AHH! I see your confusion. This is precisely:

$$
\vartheta(-1,z) = \sum_{n=0}^\infty f^{\circ n+1}(z) \frac{1}{n!}\\
$$

We do not evaluate \(x\) really, we integrate across \(x\). So you've evaluated a small, unimportant asymptotic series; which would be:

$$
\vartheta(-1,z) = \sum_{n=0}^\infty c_n z^n\\
$$

This is not a convergent taylor series (\(\vartheta\) is not holomorphic at \(z=0\)), but it diverges so damn slow that it's super useful.




I plan on posting an article I've almost finished written explaining everything.
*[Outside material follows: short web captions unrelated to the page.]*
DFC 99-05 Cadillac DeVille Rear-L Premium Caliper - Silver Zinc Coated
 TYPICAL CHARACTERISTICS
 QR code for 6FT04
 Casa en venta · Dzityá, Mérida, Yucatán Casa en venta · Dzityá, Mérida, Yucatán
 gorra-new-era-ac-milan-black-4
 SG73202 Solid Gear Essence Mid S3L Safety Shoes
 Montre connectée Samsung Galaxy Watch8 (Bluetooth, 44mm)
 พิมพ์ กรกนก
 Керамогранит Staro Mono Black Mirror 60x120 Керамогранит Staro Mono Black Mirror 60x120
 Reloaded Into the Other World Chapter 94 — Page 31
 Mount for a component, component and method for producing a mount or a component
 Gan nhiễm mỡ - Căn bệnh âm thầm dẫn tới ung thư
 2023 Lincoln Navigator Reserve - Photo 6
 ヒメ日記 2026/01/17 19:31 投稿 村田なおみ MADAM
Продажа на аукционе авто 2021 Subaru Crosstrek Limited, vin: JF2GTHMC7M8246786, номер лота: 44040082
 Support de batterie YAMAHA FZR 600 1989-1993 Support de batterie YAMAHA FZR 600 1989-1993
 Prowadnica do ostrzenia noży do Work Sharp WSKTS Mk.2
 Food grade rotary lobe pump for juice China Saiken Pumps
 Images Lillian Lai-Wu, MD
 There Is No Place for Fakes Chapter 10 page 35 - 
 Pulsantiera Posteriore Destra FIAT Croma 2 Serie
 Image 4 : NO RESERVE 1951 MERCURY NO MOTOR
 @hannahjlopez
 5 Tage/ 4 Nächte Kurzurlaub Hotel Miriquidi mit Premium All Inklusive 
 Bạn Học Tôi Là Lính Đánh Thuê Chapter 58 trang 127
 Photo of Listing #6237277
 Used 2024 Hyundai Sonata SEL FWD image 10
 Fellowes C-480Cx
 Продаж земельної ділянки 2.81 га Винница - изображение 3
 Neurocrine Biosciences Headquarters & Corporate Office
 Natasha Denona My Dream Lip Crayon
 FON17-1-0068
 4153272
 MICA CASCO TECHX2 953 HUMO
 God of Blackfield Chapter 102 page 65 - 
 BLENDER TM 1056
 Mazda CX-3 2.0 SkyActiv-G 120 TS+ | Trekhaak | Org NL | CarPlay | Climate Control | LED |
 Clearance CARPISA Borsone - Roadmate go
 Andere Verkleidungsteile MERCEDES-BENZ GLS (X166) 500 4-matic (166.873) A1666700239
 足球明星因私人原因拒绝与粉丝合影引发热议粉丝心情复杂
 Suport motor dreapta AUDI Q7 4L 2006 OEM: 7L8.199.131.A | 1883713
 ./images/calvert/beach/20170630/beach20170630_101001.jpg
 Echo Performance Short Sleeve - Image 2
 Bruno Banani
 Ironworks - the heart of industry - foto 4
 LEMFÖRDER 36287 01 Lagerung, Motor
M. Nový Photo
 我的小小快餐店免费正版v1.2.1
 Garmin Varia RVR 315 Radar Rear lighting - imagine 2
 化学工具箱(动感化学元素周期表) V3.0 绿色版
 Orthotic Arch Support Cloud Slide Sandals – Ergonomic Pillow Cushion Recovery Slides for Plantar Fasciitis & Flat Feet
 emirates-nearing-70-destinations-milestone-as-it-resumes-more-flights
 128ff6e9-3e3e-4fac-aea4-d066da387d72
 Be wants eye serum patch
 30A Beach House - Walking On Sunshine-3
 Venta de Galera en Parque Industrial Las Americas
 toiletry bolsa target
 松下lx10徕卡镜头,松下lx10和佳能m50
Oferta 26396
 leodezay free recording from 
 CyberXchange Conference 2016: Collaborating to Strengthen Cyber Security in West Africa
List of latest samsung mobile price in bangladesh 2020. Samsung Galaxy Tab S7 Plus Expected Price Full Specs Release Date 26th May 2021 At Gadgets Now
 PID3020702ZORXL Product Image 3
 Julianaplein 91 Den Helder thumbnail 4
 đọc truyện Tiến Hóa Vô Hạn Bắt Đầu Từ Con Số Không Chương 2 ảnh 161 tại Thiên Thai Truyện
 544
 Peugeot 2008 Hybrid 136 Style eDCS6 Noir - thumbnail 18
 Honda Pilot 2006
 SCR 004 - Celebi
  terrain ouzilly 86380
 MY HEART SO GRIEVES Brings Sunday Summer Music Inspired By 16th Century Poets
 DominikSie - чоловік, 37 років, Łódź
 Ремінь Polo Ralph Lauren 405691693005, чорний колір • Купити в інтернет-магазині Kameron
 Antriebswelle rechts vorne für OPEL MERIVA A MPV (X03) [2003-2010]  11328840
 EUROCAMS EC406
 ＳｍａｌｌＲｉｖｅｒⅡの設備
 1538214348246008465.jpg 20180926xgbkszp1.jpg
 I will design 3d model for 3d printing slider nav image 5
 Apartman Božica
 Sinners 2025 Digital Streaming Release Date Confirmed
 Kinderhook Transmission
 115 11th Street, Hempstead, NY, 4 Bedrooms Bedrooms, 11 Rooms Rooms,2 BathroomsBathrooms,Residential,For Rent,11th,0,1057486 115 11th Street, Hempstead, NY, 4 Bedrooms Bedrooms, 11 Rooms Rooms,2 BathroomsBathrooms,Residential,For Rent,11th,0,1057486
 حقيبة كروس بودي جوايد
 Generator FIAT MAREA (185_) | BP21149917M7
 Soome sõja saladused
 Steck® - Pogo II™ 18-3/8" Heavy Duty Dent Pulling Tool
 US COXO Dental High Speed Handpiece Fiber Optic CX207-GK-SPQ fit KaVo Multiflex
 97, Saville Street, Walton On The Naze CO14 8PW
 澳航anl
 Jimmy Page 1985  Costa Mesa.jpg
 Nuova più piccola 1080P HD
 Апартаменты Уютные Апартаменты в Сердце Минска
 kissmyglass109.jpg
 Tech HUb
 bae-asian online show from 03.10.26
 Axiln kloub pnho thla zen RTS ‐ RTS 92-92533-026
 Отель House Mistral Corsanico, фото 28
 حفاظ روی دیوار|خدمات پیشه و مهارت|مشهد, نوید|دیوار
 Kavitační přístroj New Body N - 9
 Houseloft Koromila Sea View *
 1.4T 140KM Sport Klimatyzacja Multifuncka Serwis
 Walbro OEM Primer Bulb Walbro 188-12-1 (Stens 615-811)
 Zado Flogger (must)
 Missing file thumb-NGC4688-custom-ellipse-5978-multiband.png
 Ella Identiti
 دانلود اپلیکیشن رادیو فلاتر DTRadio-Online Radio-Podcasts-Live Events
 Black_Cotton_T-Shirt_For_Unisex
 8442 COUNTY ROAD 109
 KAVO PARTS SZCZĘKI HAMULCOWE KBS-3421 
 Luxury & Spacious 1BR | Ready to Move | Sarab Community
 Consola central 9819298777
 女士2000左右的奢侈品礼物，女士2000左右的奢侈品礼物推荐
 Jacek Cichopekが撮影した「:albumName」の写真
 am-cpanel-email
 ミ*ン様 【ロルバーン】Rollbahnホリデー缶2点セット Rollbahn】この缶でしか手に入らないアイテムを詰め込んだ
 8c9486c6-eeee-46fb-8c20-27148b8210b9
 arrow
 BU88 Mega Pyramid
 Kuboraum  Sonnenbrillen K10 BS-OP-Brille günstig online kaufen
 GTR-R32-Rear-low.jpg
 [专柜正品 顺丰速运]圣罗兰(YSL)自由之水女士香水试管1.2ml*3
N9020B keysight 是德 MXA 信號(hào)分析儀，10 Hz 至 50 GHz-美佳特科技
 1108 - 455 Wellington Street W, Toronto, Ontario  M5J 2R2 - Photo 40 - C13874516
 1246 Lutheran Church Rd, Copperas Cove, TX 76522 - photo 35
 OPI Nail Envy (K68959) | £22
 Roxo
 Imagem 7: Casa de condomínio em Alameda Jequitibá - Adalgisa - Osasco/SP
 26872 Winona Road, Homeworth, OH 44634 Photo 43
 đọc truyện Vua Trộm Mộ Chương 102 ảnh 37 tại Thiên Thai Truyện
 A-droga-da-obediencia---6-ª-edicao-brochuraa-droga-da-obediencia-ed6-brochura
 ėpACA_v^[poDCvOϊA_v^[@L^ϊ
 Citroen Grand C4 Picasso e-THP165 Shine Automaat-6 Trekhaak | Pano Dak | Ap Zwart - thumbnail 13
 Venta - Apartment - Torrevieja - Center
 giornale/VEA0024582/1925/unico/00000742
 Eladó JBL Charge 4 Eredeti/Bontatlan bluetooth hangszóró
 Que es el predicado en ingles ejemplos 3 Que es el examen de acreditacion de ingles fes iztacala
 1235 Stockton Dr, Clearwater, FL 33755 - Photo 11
I've really gone down the rabbit hole on this one, lol Tongue  But I've also been really busy, end of covid and all. But I promise to fill you in!

Regards, James

EDIT!

Also know that this has NOTHING to do with the beta method. There is no beta function, no infinite compositions. Nothing but mellin transforms. Which have nothing to do with beta, lol.
Reply
#4
Hi James -

 thanks for your answer. Well, not all of the matrix stuff is faster than the `subst(poly,x,y)` method I had to learn... My first implementation using the matrix-based BASE interpretation in the integral needed about 100 times as much of your implementation. One can do big errors, since timing philosophy is little documented for Pari/GP ... Ok, changing order of evaluation and using real numbers instead of rational numbers I arrived at half of the speed of that `subst(subst())` construction.                

I've done a little test on the evaluation of the BASE-polynomial. I observed, that if we apply $x$ values at the coefficients of the BASE at a certain power of $z$, then that evaluation is equivalent to only a polynomial of small order with factor \( \exp(-x) \) , so for instance, of we use the coefficients \( c_{r,2} \) at \(z^2 \) we have something like \( f(x,2) = sum_{k=0}^\infty c_{k,2} x^k = (x^2-8x+2) \cdot \exp(-x) \) where the polynomial expression has higher orders when the coefficients \( c_{r,j} \) are taken from \( z^j \). But possibly you know this - its just my exploration of this somehow unfamiliar construction of the BASE.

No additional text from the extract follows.